For Better User Interviews Be An Outsider

Two Groups People Divided

Over the last few weeks I've been talking to WooCommerce store owners. I've been asking them questions about what they're struggling with, what they want to learn about, and where they want to go.

I've been asking these sorts of questions for the last couple of years. But recently I've heard different responses:

“There’s a perception in the community that Automattic is taking over all the things”

“I’ve been using [WooCommerce] since 2011. It was pretty crap back then.”

“The Woo people were the least interesting, most boring, most useless talks.”

I'm getting lots of positive feedback but I've seen an increase in negative feedback.

Sharing Negative Feedback

Getting negative feedback from a user is actually quite difficult. For someone (especially someone you know) to share negative feedback they have to believe three things:

  1. They have to want the change
  2. They have to believe the change is possible
  3. They have to know that you won't judge them

1. Wanting a Change

Wanting a change is easy. Nine times out of ten someone will want to change something about your product.

2. Believing Change is Possible

Believing that change is possible is a bit harder. The company you represent has to have integrity. That means your actions & messaging have to line up.

If you say, “we care about the environment” and you keep bulldozing trees you're not in integrity. And instead of giving you useful feedback people think, “what's the point of telling them what I think – nothing will change”.

So if you say “we're going to work on that” you better work on it. And make sure that the work is visible. Otherwise your users will lose faith in you and they'll stop making suggestions.

3. No Judgement

This one might be the trickiest. Most interviewees have a hard time delivering criticism. It feels mean even though it's exactly the type of feedback I'm looking for.

You have to convince the interviewee that you won't judge them. That negative feedback is okay. A good first step is using your body language to make them feel at ease. But this doesn't solve everything. There is no magic button to making people feel comfortable. And this brings me to why I think I got so much more negative feedback.

Be An Outsider

If you're part of the company that makes this product you're an insider. And the person you're interviewing is an outsider. This puts you in two different groups. Groups that don't always trust one another.

And try as hard as you might. It can sometimes be really hard for an insider to empathize with an outsider. And even if you do genuinely empathize with an outsider they might not believe it.

When you're an outsider you don't have this problem. You're in the same group.

When someone says, “I'm disappointed with how long it takes for support to respond” I can agree with them and it feels honest:

“I know! I submitted a ticket last week and they still haven't responded.”

I can join them in an honest and authentic way. I don't have to imagine their pain. I've actually been in their shoes and experienced it myself.

Andrew Warner, expert interviewer, calls this “joining the resistance” (start listening around 22:35 for the backstory). It's what your therapist does. They always have your back. They're on your team. And you don't have to protect yourself from your own team.

I'm amazed at how much more information I'm getting out of users. I wish I could say I learned some magical interviewing skills. But honestly I think it's my position. I'm not longer on the inside. I'm on the outside looking in. I think what they think and I feel what they feel.

If you want to get better feedback you might want to consider hiring someone who is on the outside.

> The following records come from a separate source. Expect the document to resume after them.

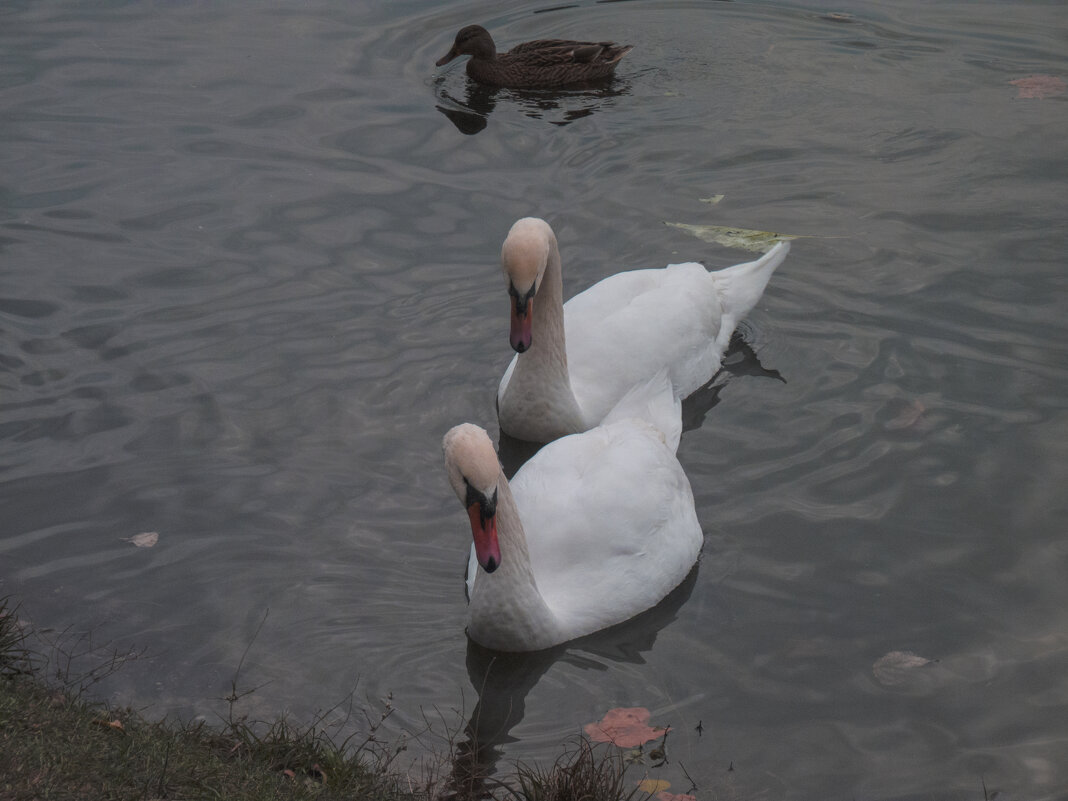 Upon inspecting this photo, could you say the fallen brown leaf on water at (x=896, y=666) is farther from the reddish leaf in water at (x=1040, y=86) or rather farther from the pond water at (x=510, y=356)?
the reddish leaf in water at (x=1040, y=86)

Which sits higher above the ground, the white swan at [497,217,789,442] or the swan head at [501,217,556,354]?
the swan head at [501,217,556,354]

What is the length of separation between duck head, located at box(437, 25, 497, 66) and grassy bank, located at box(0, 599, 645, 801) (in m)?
8.10

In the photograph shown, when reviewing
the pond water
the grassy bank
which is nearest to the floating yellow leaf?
the pond water

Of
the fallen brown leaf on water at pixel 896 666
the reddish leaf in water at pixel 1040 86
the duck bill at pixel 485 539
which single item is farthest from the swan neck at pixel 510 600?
the reddish leaf in water at pixel 1040 86

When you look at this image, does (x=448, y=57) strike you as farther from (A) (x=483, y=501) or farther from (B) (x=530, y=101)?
(A) (x=483, y=501)

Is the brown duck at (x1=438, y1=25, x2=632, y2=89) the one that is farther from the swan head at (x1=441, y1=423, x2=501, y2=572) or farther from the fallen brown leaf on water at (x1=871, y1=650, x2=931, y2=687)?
the fallen brown leaf on water at (x1=871, y1=650, x2=931, y2=687)

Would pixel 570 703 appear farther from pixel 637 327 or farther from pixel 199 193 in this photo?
pixel 199 193

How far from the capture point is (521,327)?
6.55m

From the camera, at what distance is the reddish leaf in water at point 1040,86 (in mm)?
11594

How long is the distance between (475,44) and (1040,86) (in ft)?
17.6

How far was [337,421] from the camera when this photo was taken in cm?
742

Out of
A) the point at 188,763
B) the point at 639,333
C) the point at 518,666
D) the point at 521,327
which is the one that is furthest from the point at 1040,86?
the point at 188,763

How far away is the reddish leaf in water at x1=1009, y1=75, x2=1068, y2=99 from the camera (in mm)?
A: 11594

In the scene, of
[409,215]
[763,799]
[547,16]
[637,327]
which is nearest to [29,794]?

BTW I've been interviewing users for WooConf, the official WooCommerce Conference, which will be in Seattle Novemberish. I've spent the past few weeks planning the content. It's going to be great. Hope to see you there. 🙂

2 thoughts on “For Better User Interviews Be An Outsider

  1. I think you nailed it with being an outsider, Patrick. As such, I might see you as someone with whom I can commiserate and maybe blow off some steam if I have gripes.

    Whereas I may temper my frustration with an insider, both because I simply want to be kind and respectful to another person, and because I would like to win that insider over to take up my cause to work for a solution.

    Perhaps the phrase “you catch more flies with honey than vinegar” from my childhood is still ringing in my ears even when more direct feedback is desired and invited. 🙂

    • When I was on the inside I could try to listen and try to understand. But we don’t have the same experience. If I have a problem I can ping someone. You would have to wait until a ticket gets answered.

      It’s hard to imagine being in your shoes when my experience is totally different and has a much smaller effect (my test site vs your business).

      It makes me think about how important empathy is. More so than sympathy.